Your response should be a list of comma separated values, eg: `foo, bar, baz`


In [9]:
reply = "one, two, three"
output_parser.parse("one, two, three")

['one', 'two', 'three']

In [10]:
human_template = '{request} {format_instructions}'
human_prompt = HumanMessagePromptTemplate.from_template(human_template)

In [11]:
chat_prompt = ChatPromptTemplate.from_messages([human_prompt])
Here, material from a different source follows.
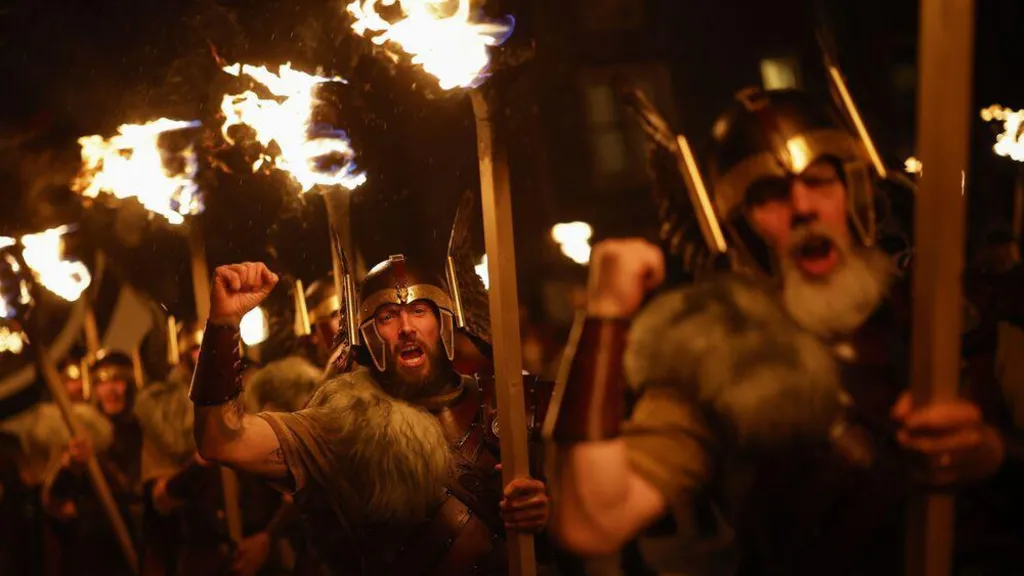 Europe’s biggest fire festival lights up Shetland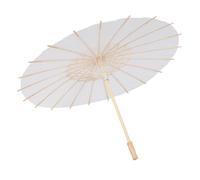 Vintage Parasol Umbrella, Handcraft Paper Umbrellas with Solid Handle Firm Umbrella Stand Exquisite Mini Umbrella for Photography Props Ole Playing Wedding (Diameter About 59cm)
chat_prompt.format_prompt(request="give me 5 characteristics of dogs",
                   format_instructions = output_parser.get_format_instructions())

ChatPromptValue(messages=[HumanMessage(content='give me 5 characteristics of dogs Your response should be a list of comma separated values, eg: `foo, bar, baz`', additional_kwargs={}, example=False)])

In [12]:
request = chat_prompt.format_prompt(request="give me 5 characteristics of dogs",
                   format_instructions = output_parser.get_format_instructions()).to_messages()

In [13]:
result = model(request)

In [None]:
result.content

'loyal, friendly, playful, protective, trainable'

In [14]:
# Convert to desired output:
output_parser.parse(result.content)

['loyal', 'friendly', 'playful', 'protective', 'trainable']

## Datetime Parser

In [15]:
from langchain.output_parsers import DatetimeOutputParser

In [16]:
output_parser = DatetimeOutputParser()

In [17]:
print(output_parser.get_format_instructions())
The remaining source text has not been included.